# I made a ribbon browband!



## PintoTess (Aug 18, 2010)

I made this for my chool horse sports. In my school colours. It could be better but I am happy with it. It is only my first attempt. Mum used to make them and she helped me with the sharksteeth but I put the red ribbon around it and added the bling and did the rosette tonigh :wink: I have another rosette to do tomorrow night as I ran out of ribbon:-o


----------



## PintoTess (Aug 18, 2010)

Buuuump!


----------



## Can He Star (Mar 9, 2011)

well done. 
looks a bit like eddies cept neater


----------



## PintoTess (Aug 18, 2010)

Haha lol, I did try...


----------



## RedTree (Jan 20, 2010)

and thats your first attempt??

I can't even get one started lol


----------



## PintoTess (Aug 18, 2010)

Hahah lol  I like it but its not the best. Not show quality but oh well.


----------



## RedTree (Jan 20, 2010)

could you get a picture of the back of it?

Just want to see lol


----------



## PintoTess (Aug 18, 2010)

Hmmmm, yes, will do it in the morning. Although there is not anything to see, I glued a strip of ribbon across the back of it to look neater. It actaully looks like a candy cane on the back cos the red bit is wrapped around it.
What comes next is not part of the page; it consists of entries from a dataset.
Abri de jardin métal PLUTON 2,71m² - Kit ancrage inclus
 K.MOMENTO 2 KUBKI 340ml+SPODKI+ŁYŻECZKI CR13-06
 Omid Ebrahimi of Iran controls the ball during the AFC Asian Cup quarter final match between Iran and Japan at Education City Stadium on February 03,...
But yes, photos on the morning.


----------



## csimkunas6 (Apr 18, 2010)

Wow!! Thats great! I really like it! Great job!!


----------



## MIEventer (Feb 15, 2009)

Very nice, and congrats on your browband!


----------



## equiniphile (Aug 16, 2009)

Wow! You should make and sell them!


----------



## PintoTess (Aug 18, 2010)

HAHA Im not that good!


----------



## TBtrailrider (Apr 2, 2011)

That is so cute! I want one!


----------



## PumpkinzMyBaby22 (Jul 5, 2009)

That is so good! I would not even try... 
And for your first go, it looks amazing. You should make them and sell them, you have the potential! Well done!


----------



## MHFoundation Quarters (Feb 23, 2011)

Looks great! I'm sure if I even attempted to do that it would epic failure!


----------



## whiskeynoo (Mar 17, 2010)

Great job  it looks flashy


----------



## xXWildFlowerXx (May 4, 2011)

Your lucky you can do that! I'd fail at the first part, lol!


----------



## PintoTess (Aug 18, 2010)

Haha thankyou everyone  I finished it this morning and will use it tomorrow at my school horse sports. Piccies tomorrow of it on my piggy pony!


----------



## horselver1979 (Feb 14, 2011)

Ohhhh that is nice. Cant wait to see the pics when its on your pony.


----------



## olympustraining (May 5, 2011)

this is cute!


----------



## Seifur (Apr 24, 2010)

I think it looks really good!  I wish I knew how to make one lol.


----------



## PintoTess (Aug 18, 2010)

Horsewyse is a good site to learn how to make them


----------



## JessieleeZ (Apr 24, 2011)

thats really cute !


----------



## PintoTess (Aug 18, 2010)

Thankyou 

I didn't get any photos of it on my pony  Woops lol


----------